# WHAT YOU HAVE TO DO:
The expected output is each line from the one containing "CLAIRE online show from October 31, 5:17 pm" to the last line of the data below, set down exactly, minus the pictures.

Data excerpts
◆ ◆ ◆ ◆ ◆

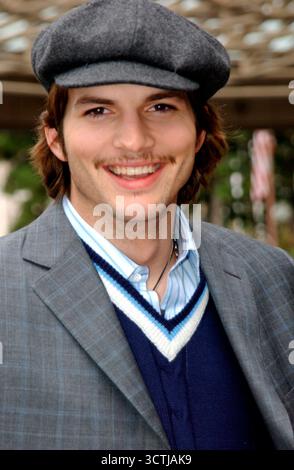 Ashton Kutcher auf einer Pressekonferenz für den Schmetterlingseffekt. Hotel St Regis, Los Angeles, 22. Februar 2004 Stockfoto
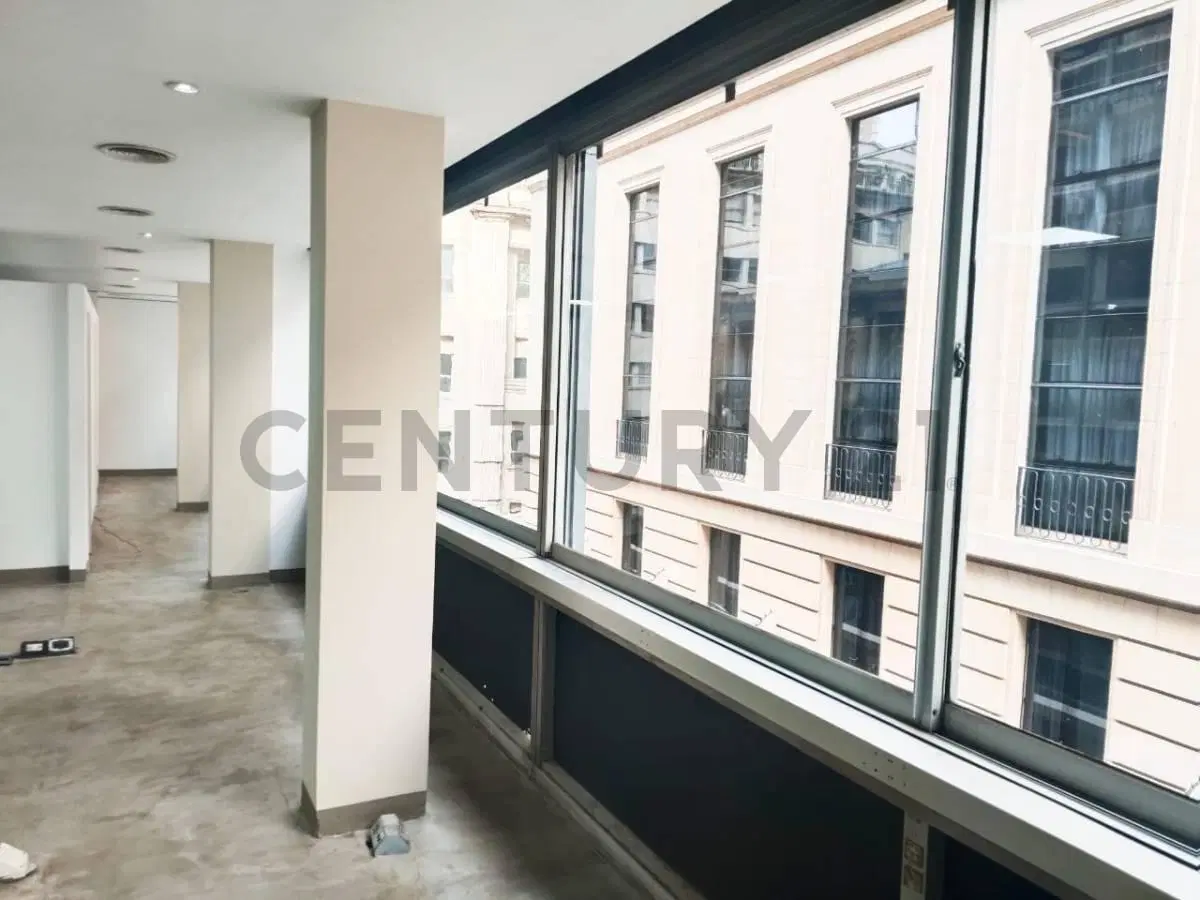 ALQUILER OFICINA CORPORATIVA 235 M2 PISO ENTERO EXCELENTE OPORTUNIDAD CENTRO 4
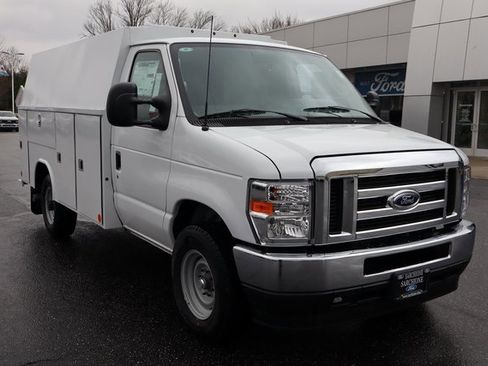 New 2025 Ford E-350 and Econoline 350 Super Duty w/ Power Equipment Group image 2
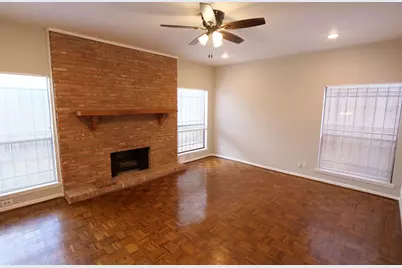 9526 Val Verde Street, Houston, TX 77063 - Photo 6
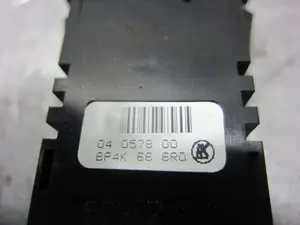 Foto de INTERRUPTOR MAZDA 3 BERLINA (BK) 1.6 CD Diesel CAT (109 CV / 80 KW) referencia BP4K666R0 foto 4
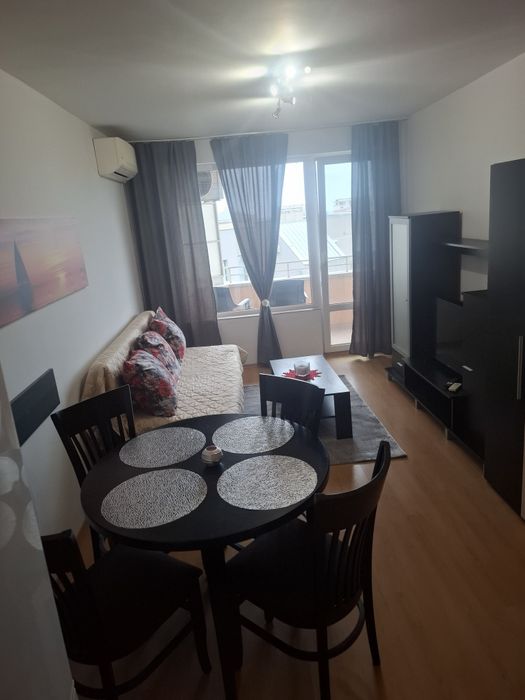 Дава се под наем Двустаен апартамент в Варна, Трошево - 60 кв.м за 612 € - Снимка #2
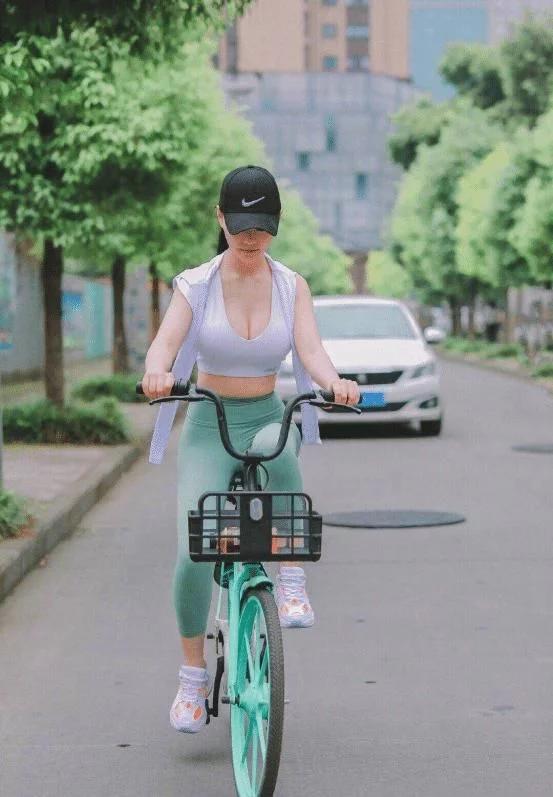 喜欢运动的女生，这样穿搭是否很“跑风”？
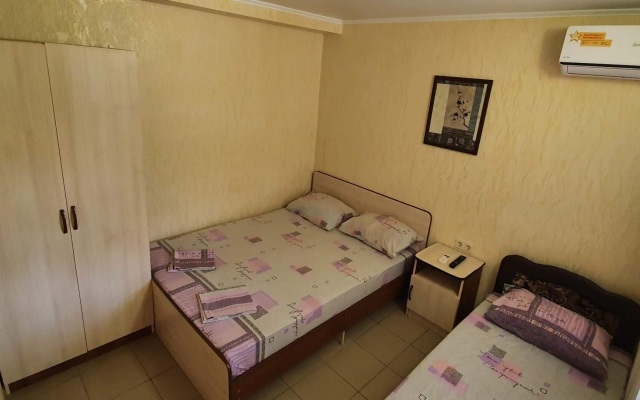 Oksana Guest House
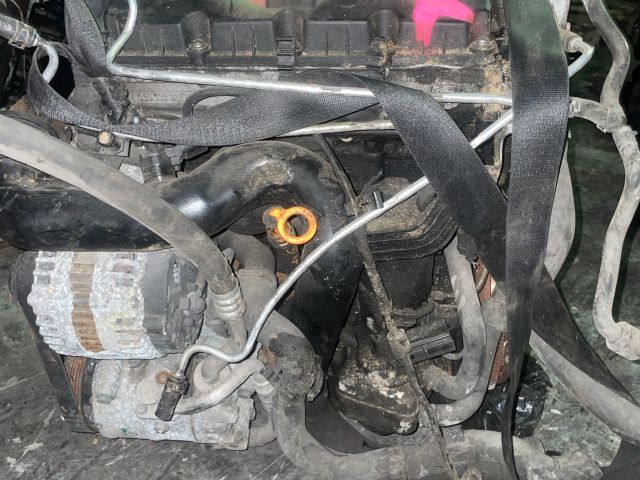 bontott VW GOLF V Motor (Fűzött blokk hengerfejjel)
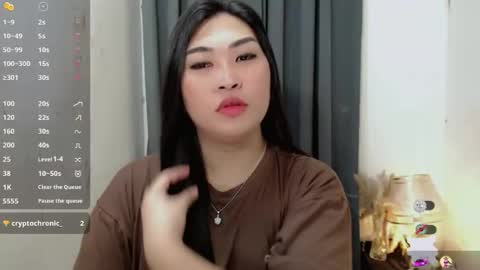 CLAIRE online show from October 31, 5:17 pm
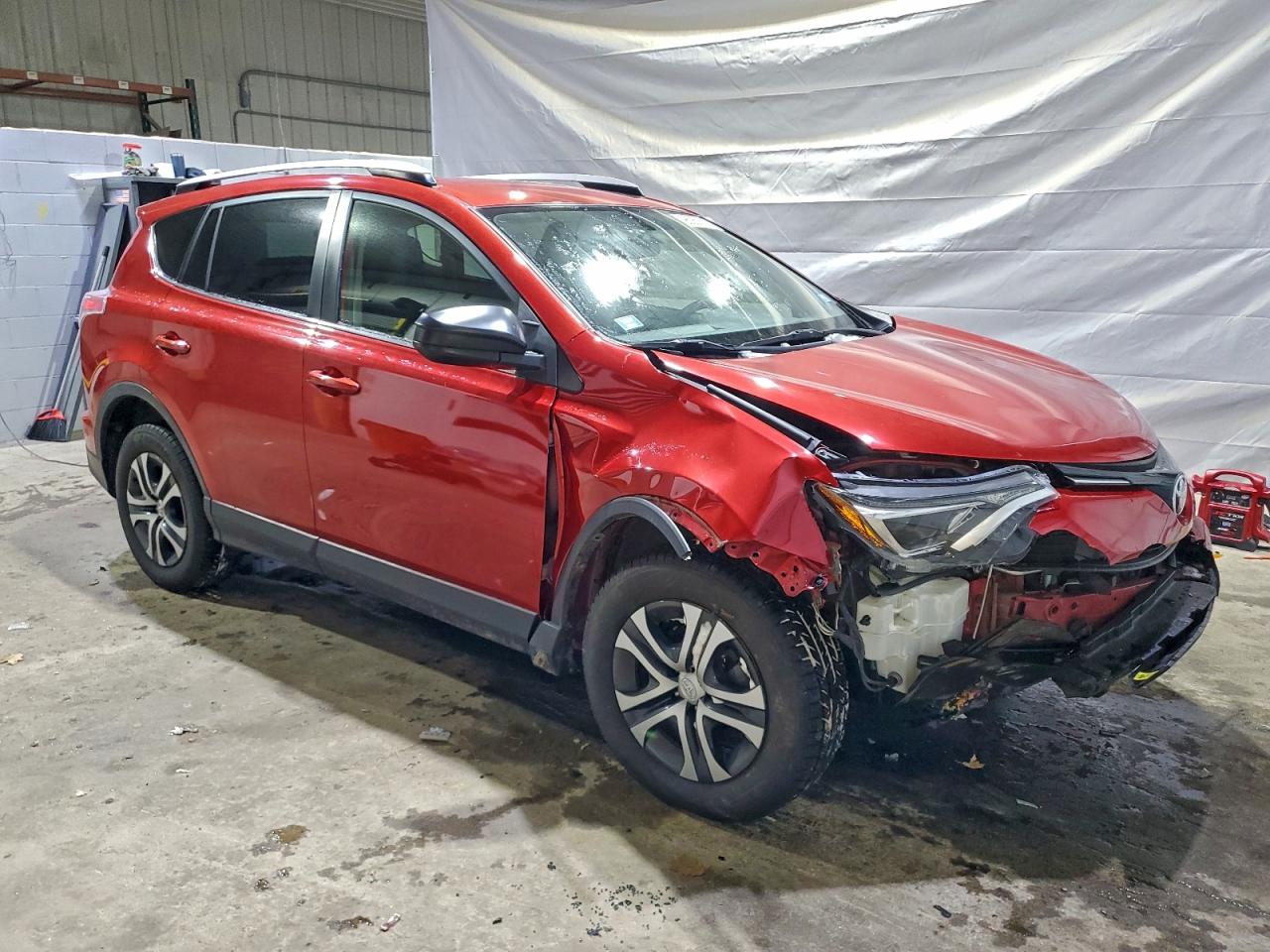 Toyota RAV4 Le Image 14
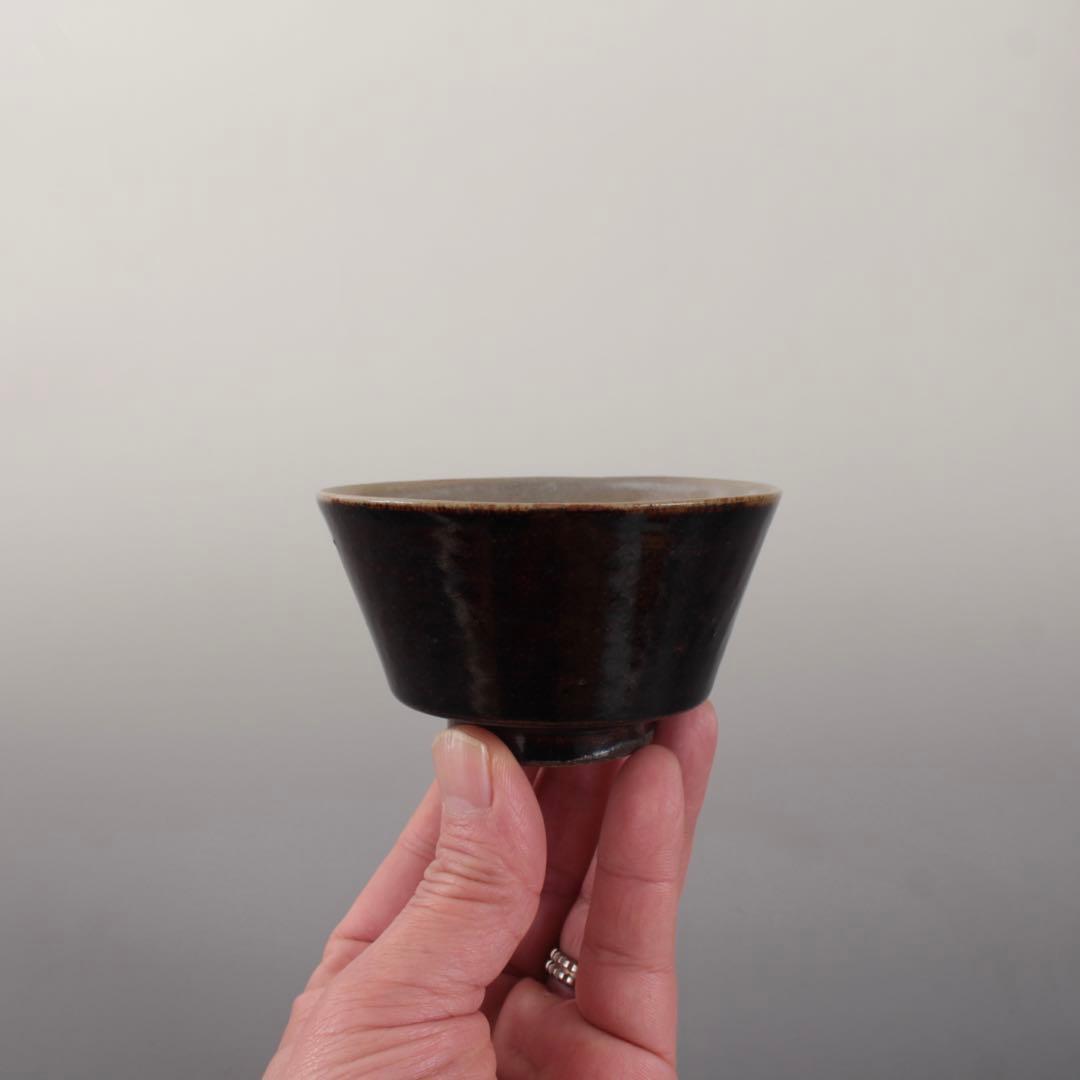 萬古焼？ 外側鉄釉 盃 酒器 ぐい呑み 古道具 アンティーク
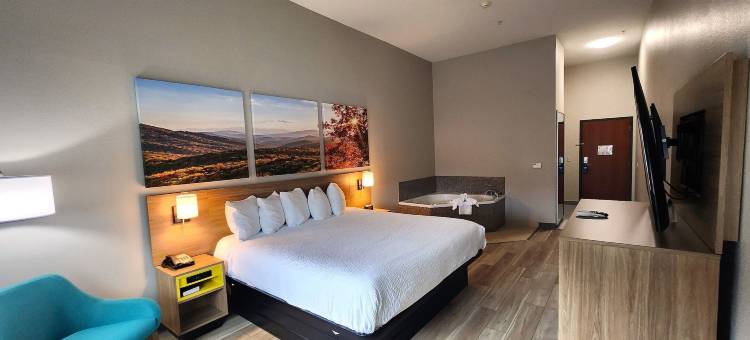 拉塞尔维尔温德姆戴斯套房酒店(Days Inn & Suites by Wyndham Russellville)图片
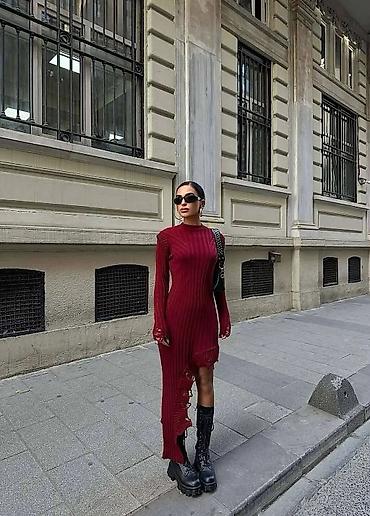 Haljine: Asimetrična rebrasta pletena haljina - Model: uska silueta, dugi — 1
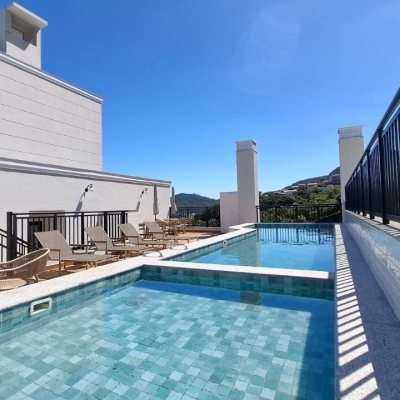 Apartamentos com 98m², 3 quartos, 1 suíte, 2 garagens, no bairro Monte Verde em Florianópolis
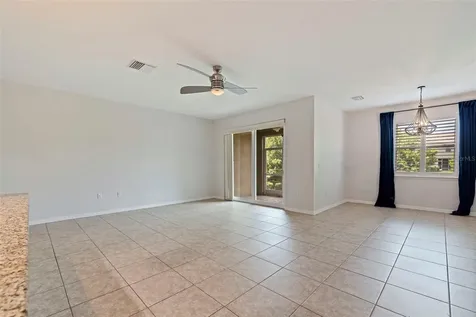 568 53rd Avenue N St Petersburg FL 33703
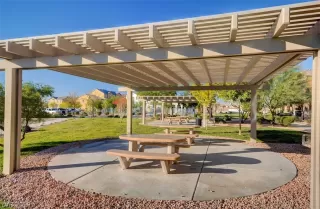 Photo #5: 2151621 Listing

◆ ◆ ◆ ◆ ◆

# FINISHED TASK:
 CLAIRE online show from October 31, 5:17 pm
 Toyota RAV4 Le Image 14
 萬古焼？ 外側鉄釉 盃 酒器 ぐい呑み 古道具 アンティーク
 拉塞尔维尔温德姆戴斯套房酒店(Days Inn & Suites by Wyndham Russellville)图片
 Haljine: Asimetrična rebrasta pletena haljina - Model: uska silueta, dugi — 1
 Apartamentos com 98m², 3 quartos, 1 suíte, 2 garagens, no bairro Monte Verde em Florianópolis
 568 53rd Avenue N St Petersburg FL 33703
 Photo #5: 2151621 Listing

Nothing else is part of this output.